Claire Martin: À l'opposé du spectre, une application bien plus légère présentée sur Product Hunt veut rendre le réveil moins brutal: AirAlarm transforme un iPhone et des AirPods en réveil plus doux. Plutôt que de fixer une minute d'alarme exacte, l'utilisateur choisit une fenêtre de réveil. Il s'endort avec ses AirPods, avec les sons intégrés de l'application — pluie, océan, forêt, ventilateur, bruit blanc — ou l'audio d'une autre application; l'application détecte l'endormissement via les AirPods et programme le réveil à la fin d'un cycle de 90 minutes, à l'intérieur de la fenêtre choisie. La créatrice explique l'avoir construite pour une alarme plus douce, sans ajouter un wearable, un compte ou un profil de sommeil dans le cloud à sa routine. L'application est développée en SwiftUI natif et utilise AlarmKit d'Apple pour la planification système de l'alarme. L'historique de sommeil reste sur l'iPhone, avec pas de publicités, pas de SDK d'analytics, pas de compte requis et pas besoin d'Apple Watch, le site précisant d'ailleurs que la prise en charge d'Apple Watch n'est pas une promesse publique. L'application prend actuellement en charge l'anglais, le chinois simplifié et le japonais, et elle est conçue pour les AirPods Pro, les AirPods 3 et les AirPods plus récents que l'on peut porter confortablement en dormant.
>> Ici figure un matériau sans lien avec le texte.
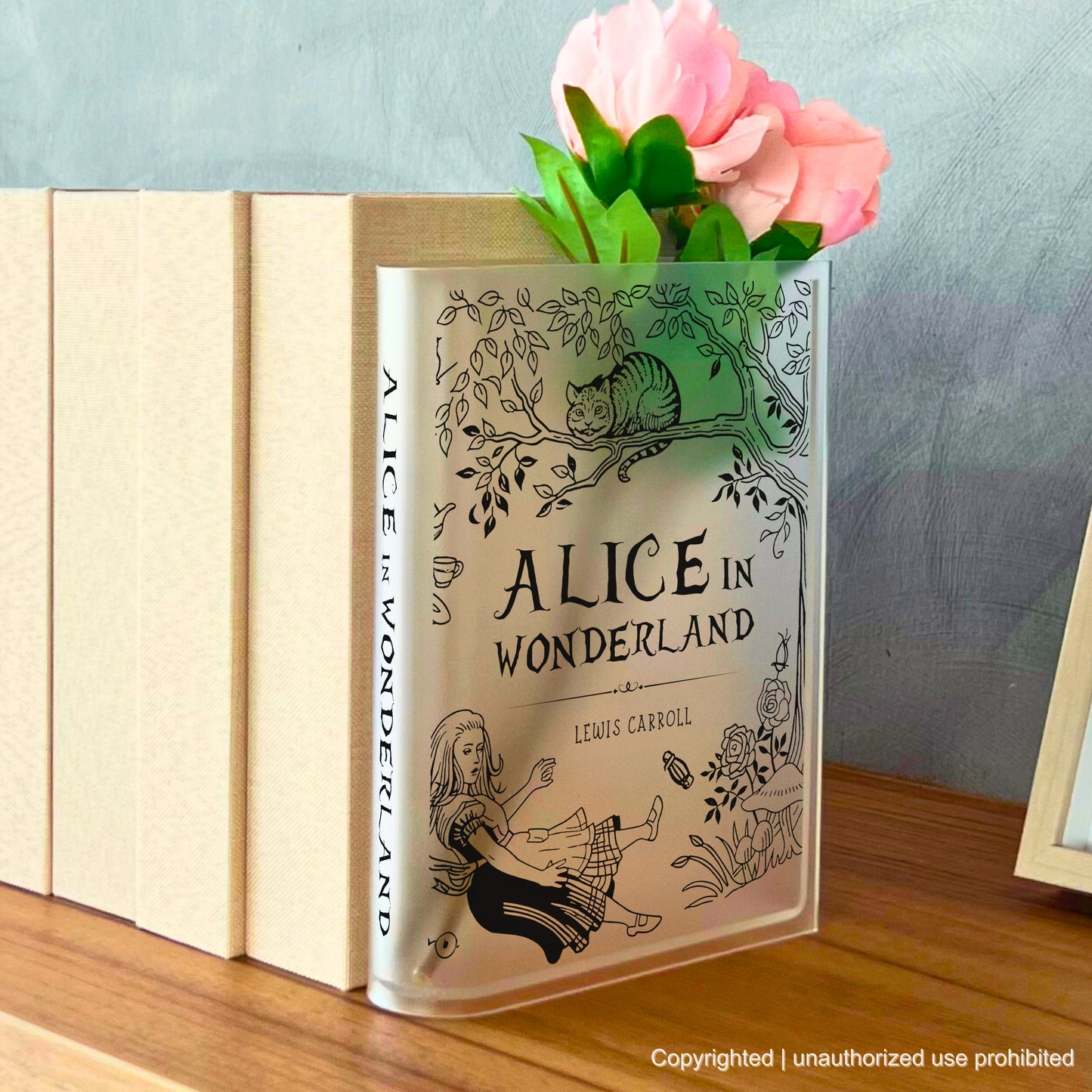 Alice in Wonderland Acrylic Book Vase Whimsical Home Decor & Gifts for Book Lovers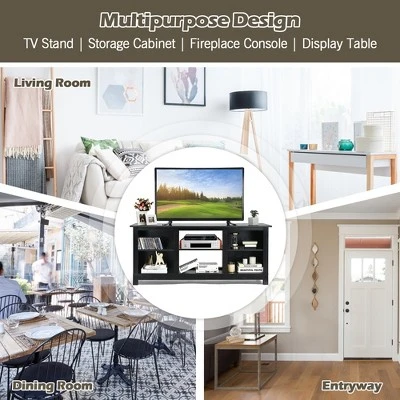 Costway 2-Tier 58'' TV Stand Entertainment Media Console Center Up To 65'' GreyBlackWalnut - Image 8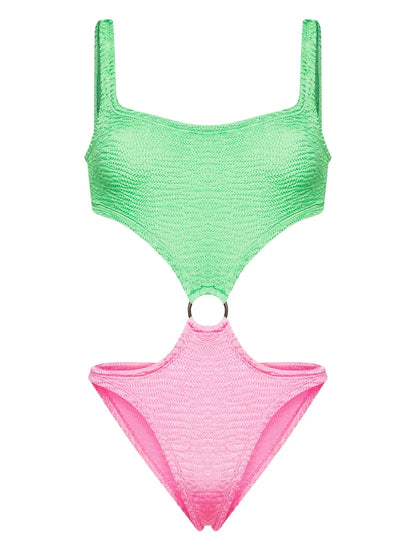 Olivia Colour-Block Crinkled Swimsuit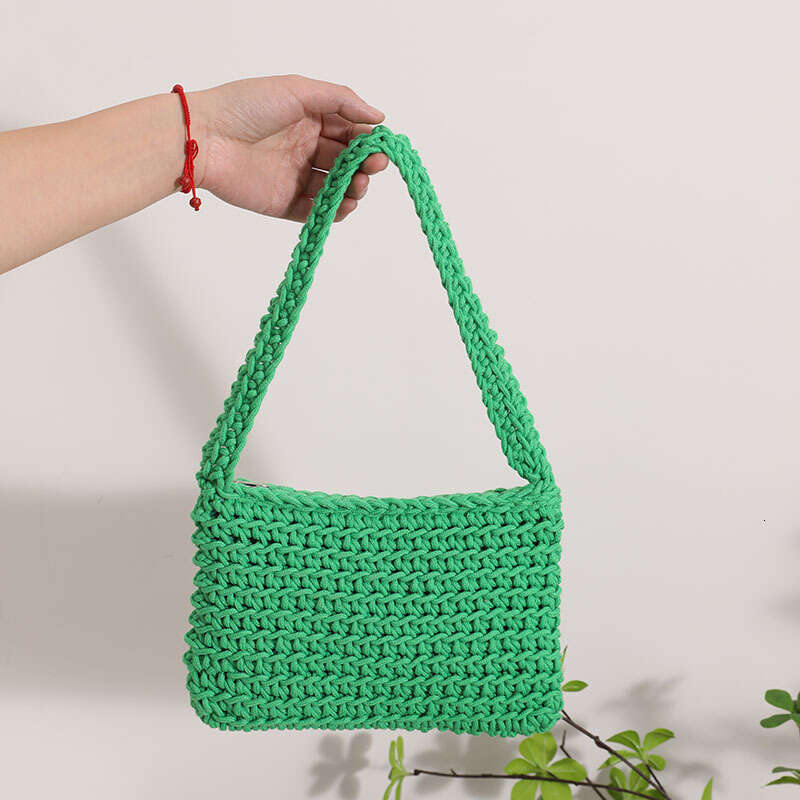 Versatile One Shoulder Cotton Thread New Small Fresh Square Underarm Grass Woven Bag Solid Color Commuter Handbag For Women
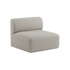 Beige upholstered Fjord sofa seat section with a gently curved backrest and deep cushioned seat from sackit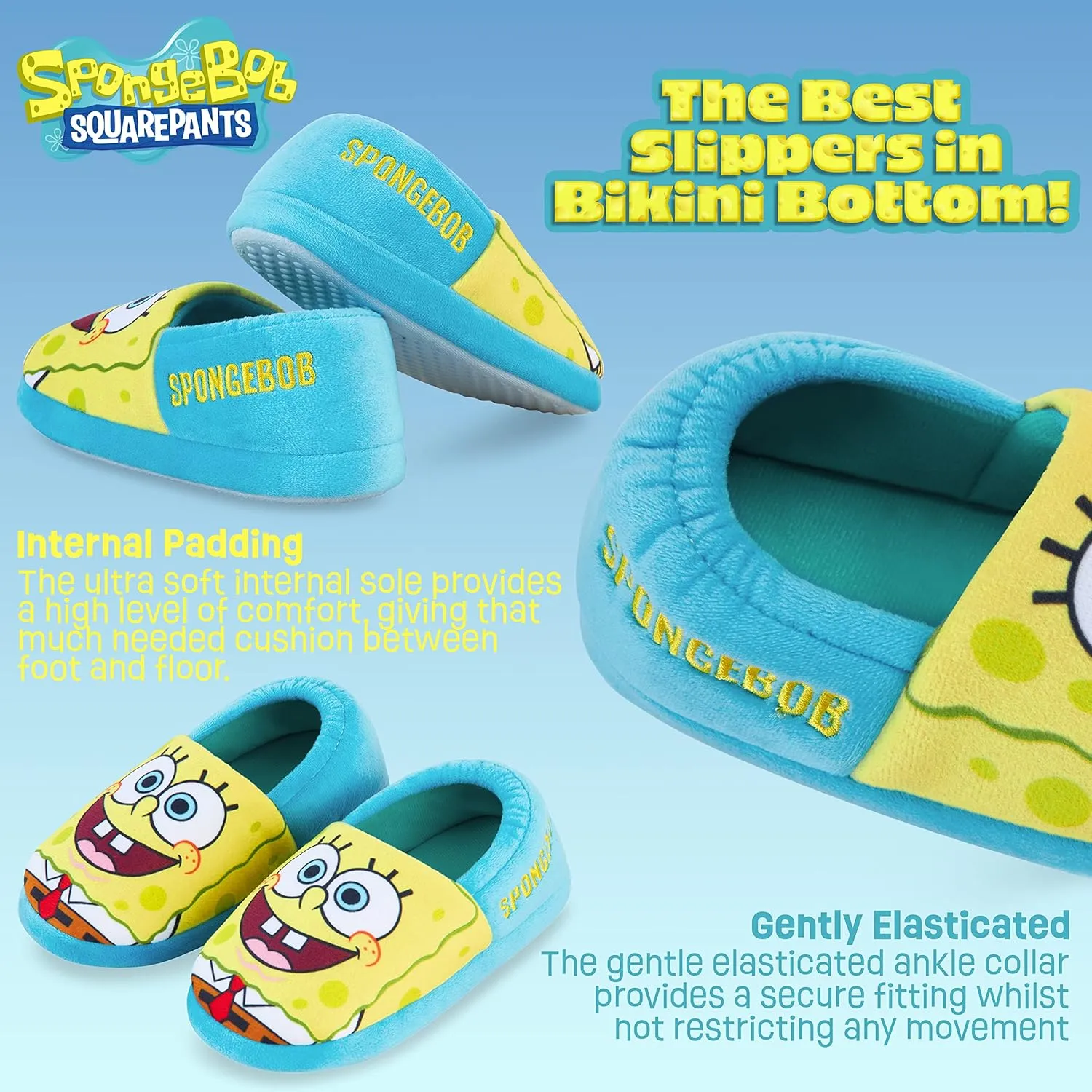 SpongeBob SquarePants Kids Slippers Boys Girls Character Slippers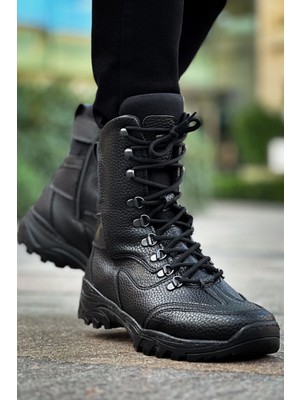 Scalatore Premium Erkek Askeri Postal Bot Siyah Deri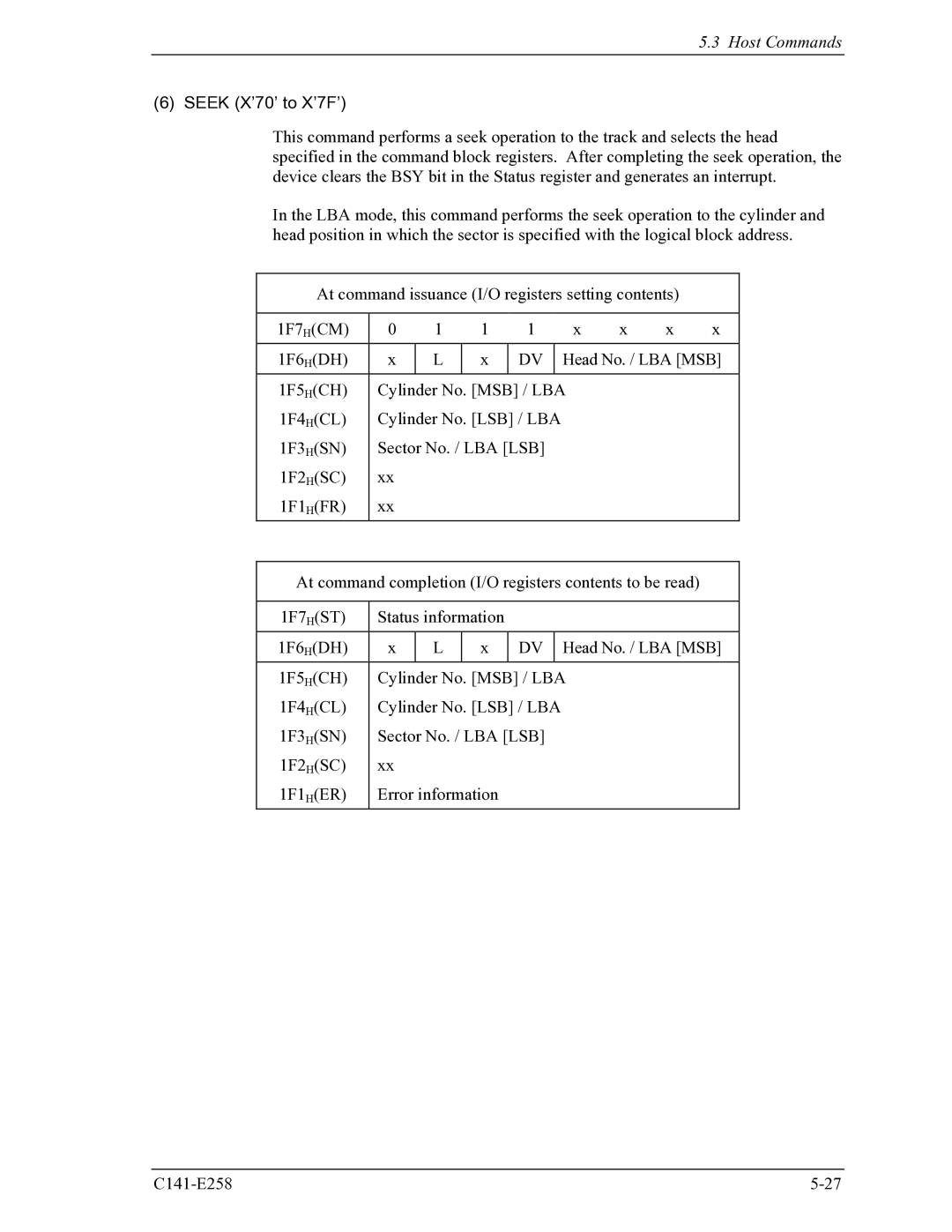 Fujitsu MHW2040AC, MHW2060AC manual Seek X’70’ to X’7F’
Elle n'est pas un dispositif médical ni un tracker de sommeil diagnostique, et la promesse, selon le site, est simple: rendre le réveil moins brutal, surtout les matins où une alarme fixe laisse groggy, avec l'expérience avant tout plutôt qu'une leçon de science du sommeil.

Nicolas Moreau: Et le fonctionnement est malin. Vous vous endormez avec vos AirPods, en écoutant les sons intégrés de l'application — pluie, océan, forêt, ventilateur, bruit blanc — ou l'audio d'une autre application. L'application détecte votre endormissement via les écouteurs et programme le réveil à la fin d'un cycle de 90 minutes, toujours à l'intérieur de la fenêtre que vous avez choisie.
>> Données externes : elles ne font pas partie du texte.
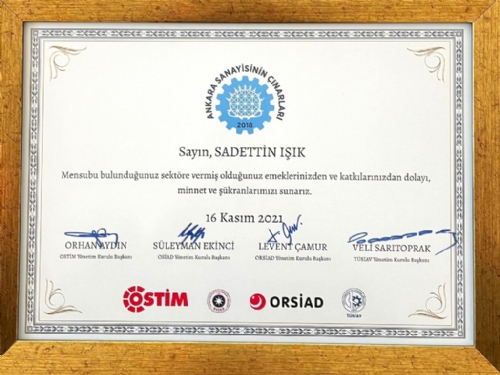 Sanayinin Ustalarına Vefa Ödülleri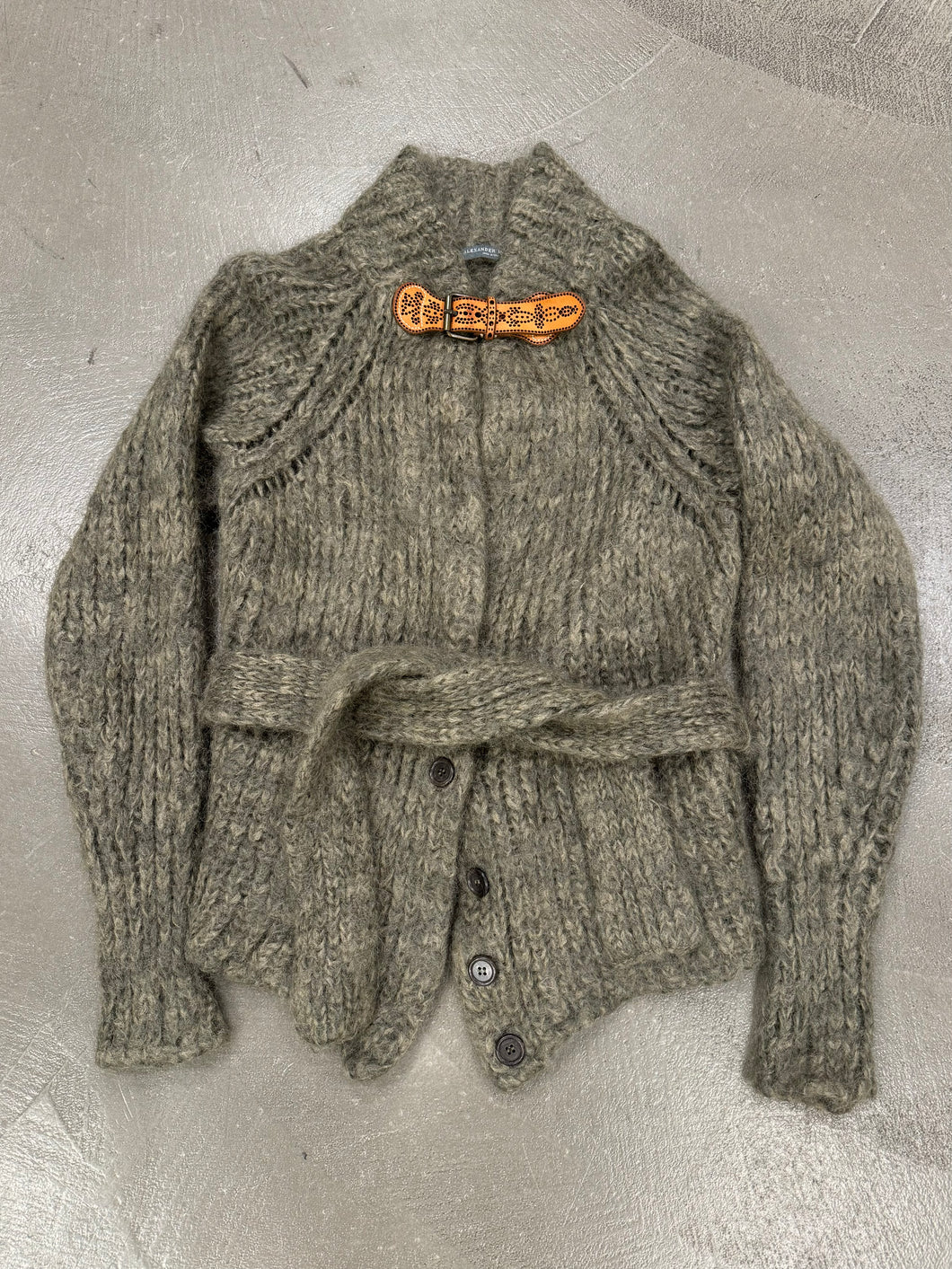 2000s Alexander McQueen mohair belted cardigan knit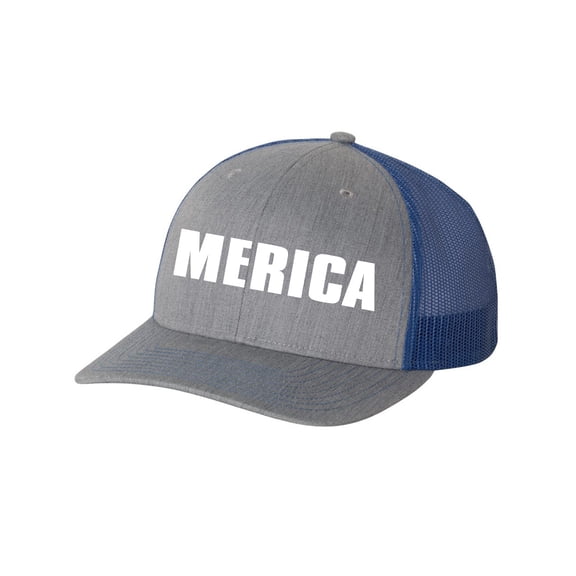 Heritage Pride USA American Flag Merica Mesh Back Trucker Hat-Heather Grey/Royal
Claire Martin: La créatrice explique clairement la motivation: une alarme plus douce, sans ajouter un wearable, un compte ou un profil de sommeil dans le cloud à sa routine. C'est pensé pour rester simple et local.

Nicolas Moreau: Simple et local, oui — tout l'historique de sommeil reste sur l'iPhone. Pas de publicités, pas de kit d'analytics, pas de compte requis, et pas besoin d'Apple Watch. Le site précise d'ailleurs que la prise en charge d'Apple Watch n'est pas une promesse publique. L'application est développée en SwiftUI natif et s'appuie sur le moteur système d'Apple pour la planification de l'alarme.

Claire Martin: Compatible avec les AirPods Pro, les AirPods 3 et les générations plus récentes que l'on peut porter confortablement en dormant. Et soyons clairs: ce n'est pas un dispositif médical ni un tracker de sommeil diagnostique. C'est avant tout une question d'expérience.

Nicolas Moreau: Oui, une expérience avant tout, plutôt qu'une leçon de science du sommeil. La promesse, c'est juste de rendre le réveil moins brutal, surtout les matins où une alarme fixe vous laisse groggy. Pour l'instant, l'application est disponible en anglais, en chinois simplifié et en japonais.

Claire Martin: Merci beaucoup de nous avoir écoutés jusqu'au bout. Nous espérons que ces échanges vous ont apporté des repères utiles.

Nicolas Moreau: Prenez soin de vous, et nous vous donnons rendez-vous très bientôt pour un nouvel épisode. À très vite!